For those who follow this blog regularly or know my style of teaching Krav Maga self-defence, you will be familiar with the fact I do not approach self-defence as just a matter of punching, kicking, and scenario-based training. But rather I take a much more holistic approach to giving you the skills to better defend yourself. More specifically, I believe that self-defence is not just physical but also mental and even spiritual.
This means addressing topics or ideas that many may be uncomfortable with or unwilling to address and discuss.
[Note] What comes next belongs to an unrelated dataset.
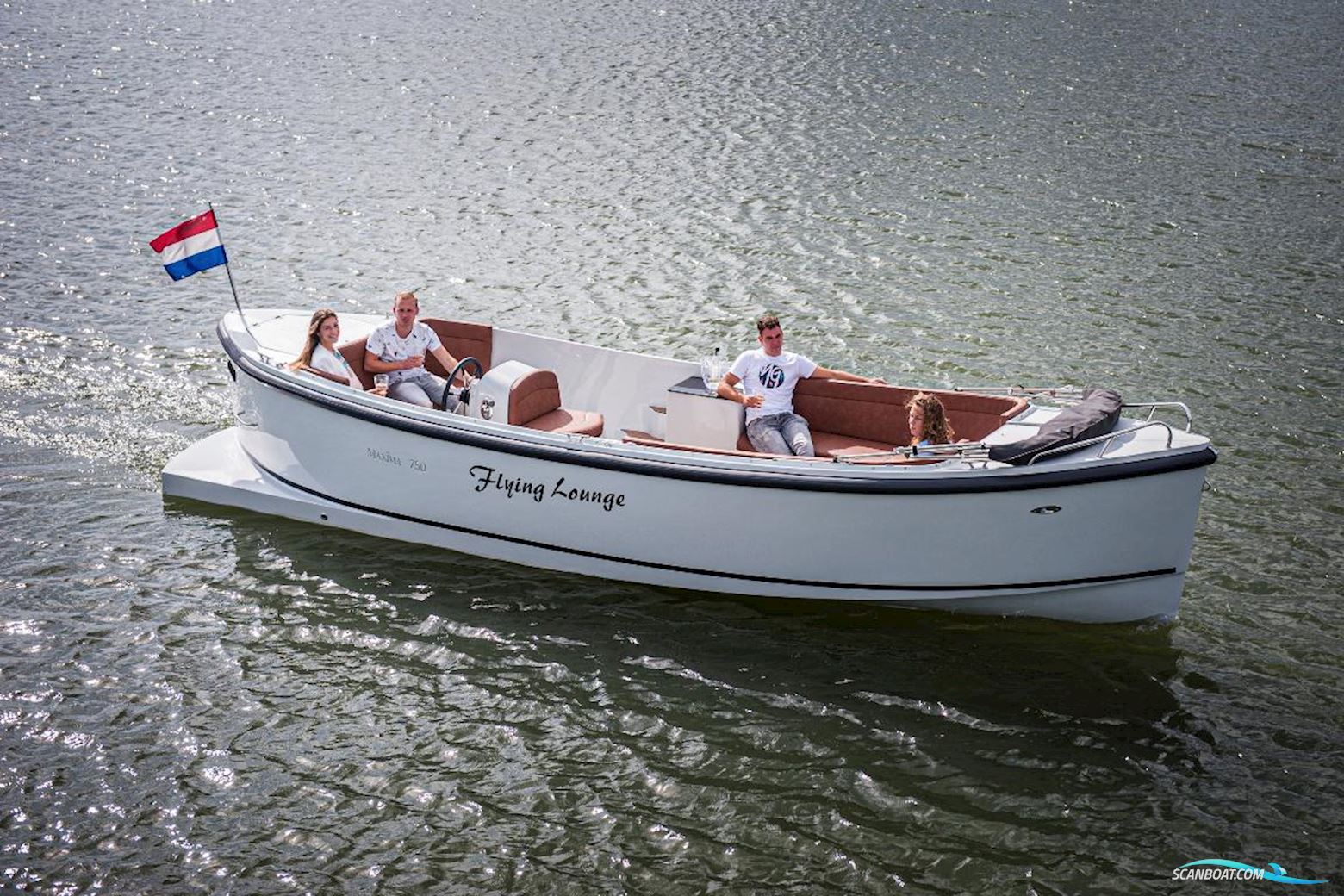 Maxima 750 Flying lounge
This is very unfortunate, as not being open to pushing your comfort zone will ultimately hinder an individual’s personal development; which will only ever block you from Krav Maga’s primary goal of learning to walk in peace.
Recently, though, as happens often in the human experience, there is a breakdown of communication, freedom of thought, ideas, and speech, which leads to a breakdown of the most important principle in self-defence, Critical Thinking. Without critical thinking it can be easy for an individual, small group, or society to be swayed into believing bad ideas or concepts that will only lead to catastrophic results.
This current breakdown is partially due to malicious individuals or groups, incompetency of leadership, or (and this one is a big one) the failure to understand what a “good” and “bad” argument is. If you don’t understand this distinction it can be easy for you to be convinced by Groupthink, charisma, or fear, causing you to believe in wholeheartedly that which Prof. Gad Saad calls “parasitic ideas” which he lays out in his book The Parasitic Mind. Though delving into that topic is a whole other post.
The focus of this series will be going over some of the most common logical fallacies that individuals or groups might use to sway you one way or the other, as it is possible many of you may not be familiar with the idea of a logical fallacy. It is probably not your fault, while these concepts used to be a regular part of education they were eventually only discussed in the debate club, where I assume most of you never spent any time (including myself), and that is assuming your place of education even still has such a club.
So what is a logical fallacy? According to Wordnik it is as follows:
- A fallacy; a clearly defined error in reasoning used to support or refute an argument, excluding simple unintended mistakes.
- a fallacy in logical argumentation
Or in laymen terms, an appealing logic error, which, while it may sound good, doesn’t actually work from a purely logical perspective. Arguments driven by emotions or trends actually rely on emotional appeal rather than intellectual or factual validity, which may lead you to believe ideas that are not as good as initially you thought they were. As the arguments used to convince you were constructed using one of the many logical fallacies that should (had you known) caused you to pause and consider if what is being said actually makes enough sense for you to get behind it; does it make sense or is believing it simply making you feel good, scared, righteous, etc.?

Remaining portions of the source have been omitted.